Now, you might be wondering how these teeny-weeny things can make something as mammoth as, well, a mammoth! The theory goes that these tiny particles go through a force called the Higgs field, which slows the speed of these particles and makes them clump together, thus giving the particles mass and allowing them to build anything and everything that exists!
The Large Hadron Collider was built to try and prove the existence of the Higgs boson (a particle that is given out as a byproduct of the presence of a Higgs Field). It does this by colliding two particle beams at 99.999999% the speed of light, recreating the conditions that were present less than a billionth of a second after the Big Bang.
$8 billion (that’s 1700000 pairs of Louboutin shoes), 3000 scientists and trillions of collisions later, the Higgs particle was confirmed to exist. This earned François Englert and Peter Higgs (after whom the particle is named) The 2013 Nobel Physics Prize, and a nifty $1.25mn reward!

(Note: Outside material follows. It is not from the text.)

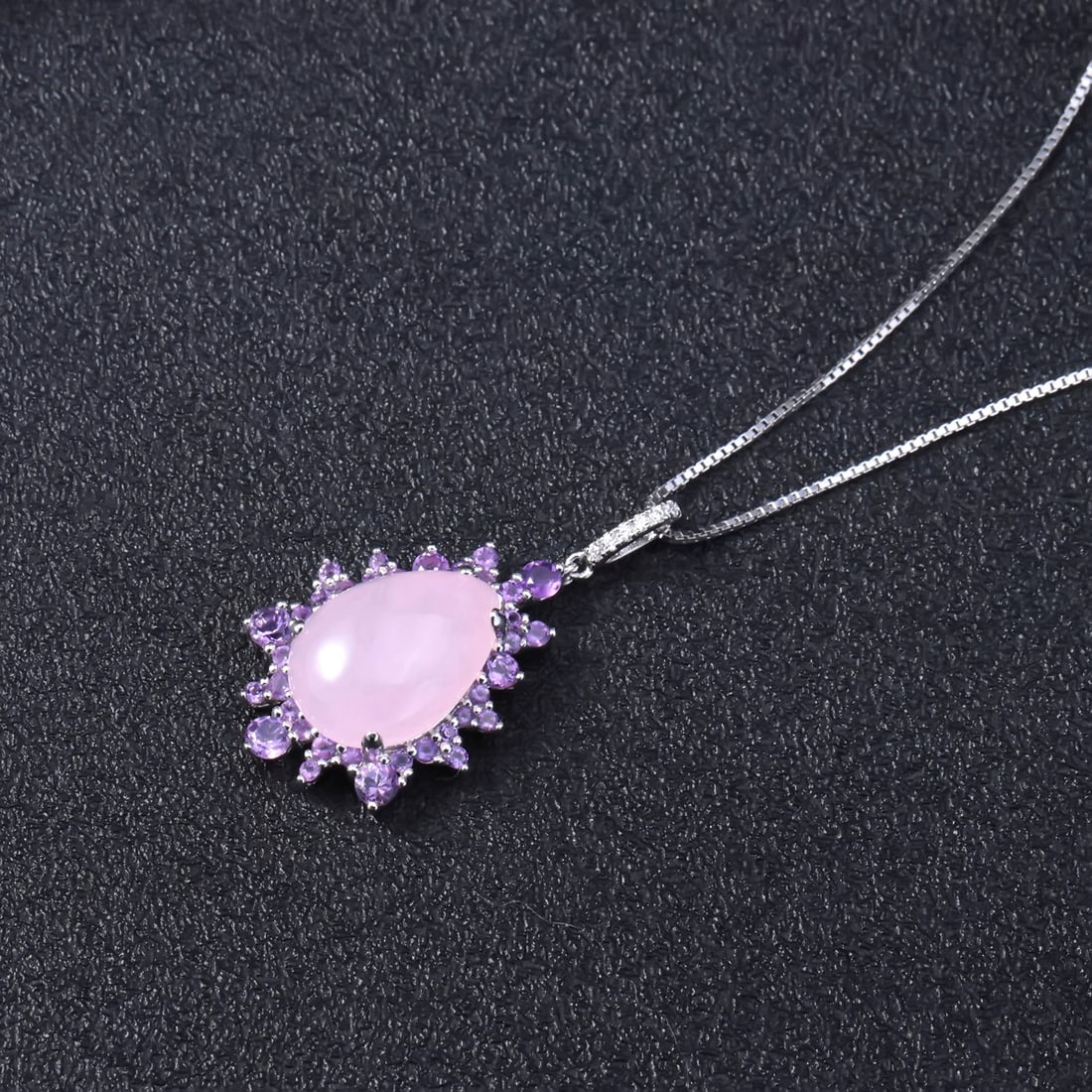 925 Sterling Silver Natural Pink Chalcedony & Amethyst Pendant( Without Chain ) - 3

At this point, the selfish side of me likes to wonder, “what good does this do for me?”. Well, without the Higgs field particles would just float through space like invisible bubbles. Apart from furthering our understanding of the universe, it doesn’t really have a practical use (as yet). Don’t get your hopes up; its discovery isn’t a shortcut to making you immortal or curing cancer, but that’s just how physics works. After all, MRI scanners were discovered by researching atomic nuclei in magnetic fields!